**Task directions:**
The listing below holds a line with "Spooky Pumpkin Goblin" and a later line with "Cojín Blanco-Marrón Algodón/Terciopelo". Write out those two lines and every line between them, exactly, and nothing else.

**Data for the task:**
▬▬▬

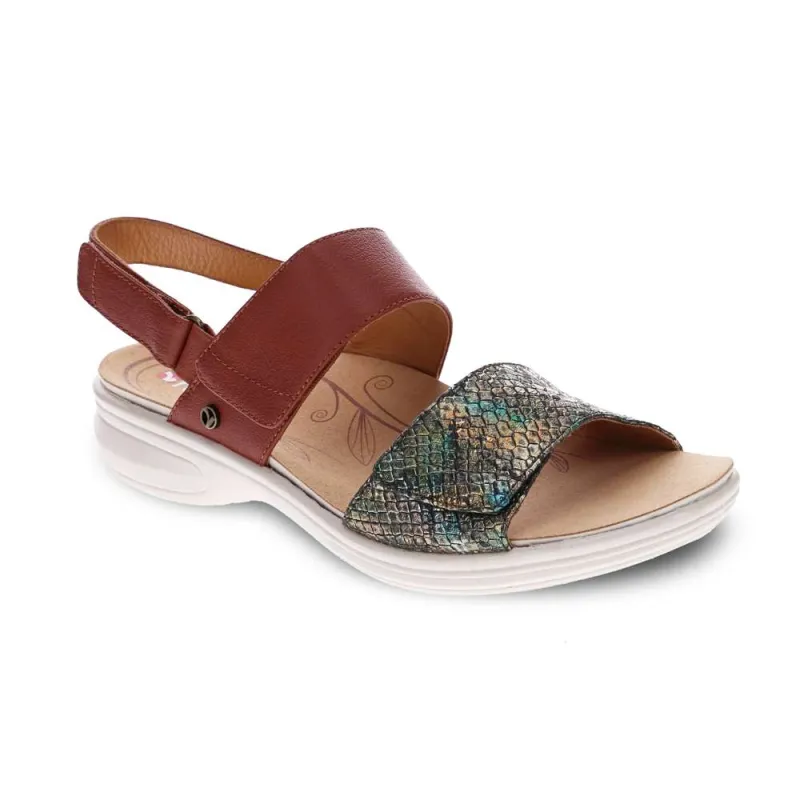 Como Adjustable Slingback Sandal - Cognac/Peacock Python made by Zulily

▬▬▬

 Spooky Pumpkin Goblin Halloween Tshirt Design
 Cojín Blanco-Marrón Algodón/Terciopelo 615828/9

▬▬▬

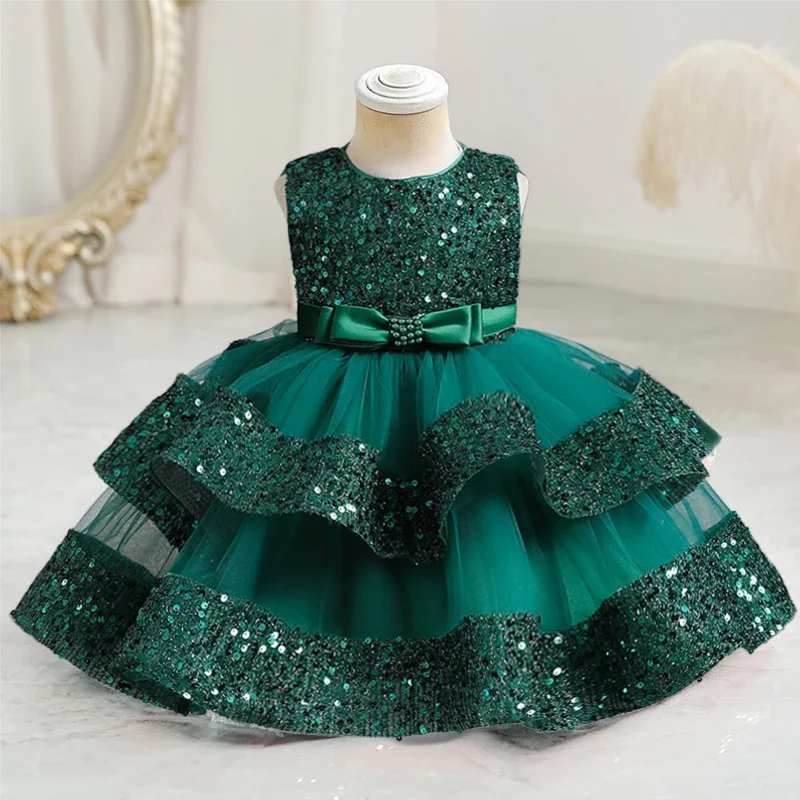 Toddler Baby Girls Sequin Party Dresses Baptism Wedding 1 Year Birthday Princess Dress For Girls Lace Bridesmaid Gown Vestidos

▬▬▬

**Task output:**
 Spooky Pumpkin Goblin Halloween Tshirt Design
 Cojín Blanco-Marrón Algodón/Terciopelo 615828/9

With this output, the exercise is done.